Noemí Luna gets lost searching for the first day laborer in her family tree: “My father comes from my grandfather and my great-grandfather, in turn, also worked in the fields.” So the 26-year-old would be, at least, the fourth generation. “And I hope that my son is not the fifth, I would like him to study and be able to do something that I couldn’t do,” the seasonal worker emphatically states, shortly before embarking in the middle of the morning in the car with which she will go to pick the olives with his father, his brother and his partner. “The whole family is dedicated to the countryside, that is normal around here,” Luna explains. Not half an hour later, the four of them will be perched on ladders or on their knees, with a carrycot hanging from their chest while they comb olive trees by the piece.

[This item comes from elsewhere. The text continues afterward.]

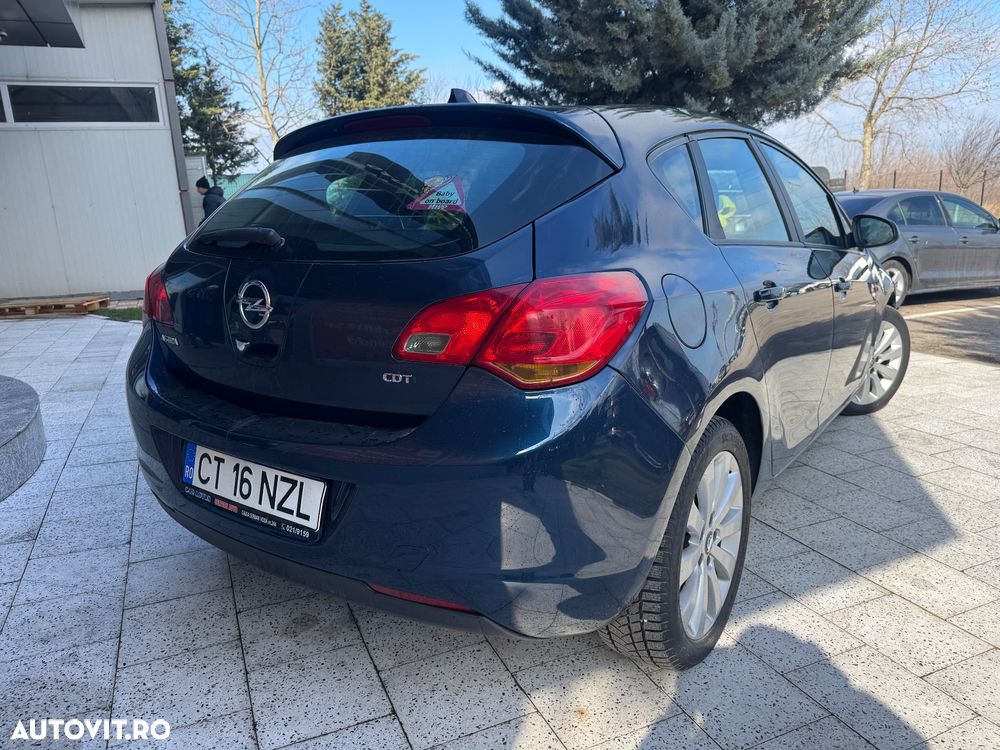 Opel Astra 1.7 CDTI DPF Design Edition - 2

Puerto Serrano, a small town in Cadiz with 6,971 inhabitants, experiences its rush hour at five in the morning. In the Plaza de Andalucía, in the shadow of a monument dedicated to the day laborer, dozens of families like the Lunas organize to go out “to the green” in the fields of Seville, as olive harvesting is called. Just two weeks ago, the same groups were preparing for the end of the Jerez de la Frontera harvest; These days, there are those who have already gone to Ávila to pick potatoes and, in a few weeks, there will be those who do the same to Jaén to continue in the olive farming. “People leave, literally, looking for the potatoes. They join one campaign to another and enter and leave that campaign depending on how they are,” summarizes Mayor Daniel Pérez (IU), in reference to the nomadic life that has marked work in the town for centuries.

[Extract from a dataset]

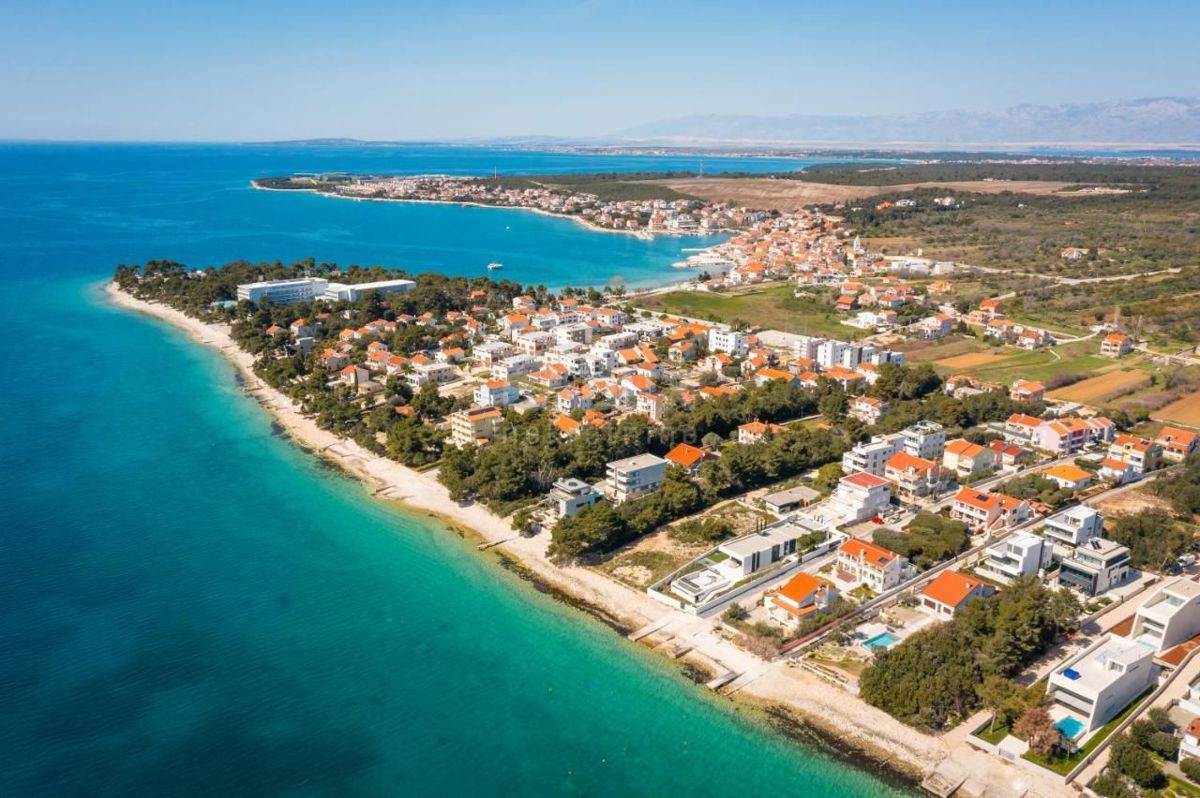 ZADAR, PETRČANE - Villa di lusso con piscina a 50 m dal mare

“You can’t stop, so how do you eat?”, justifies Rafael Martínez on the last day of the Jerez harvest, harvested at the end of August. The 50-year-old driver makes a brief stop while directing his crew, made up of about twenty workers, including two sons and a nephew. As soon as he finishes, Pérez plans to get hooked on green and continue touring throughout Andalusia all year, campaign after campaign. “The worker from Puerto Serrano is famous because he is a professional at what he does, he is a true farmer,” says Miguel Morillo, owner of the Santa Magdalena olive grove in Morón de la Frontera where the Lunas have been working for days. The councilor knows about the fame of his neighbors and, although he does not know the exact number of people who work in the countryside, he senses that it must have one of the highest proportions in Spain, judging by the aid that the town receives in the Plan de Promotion of Agricultural Employment, “one of the highest in Andalusia”, a community in turn with the largest number of employees in the agricultural sector.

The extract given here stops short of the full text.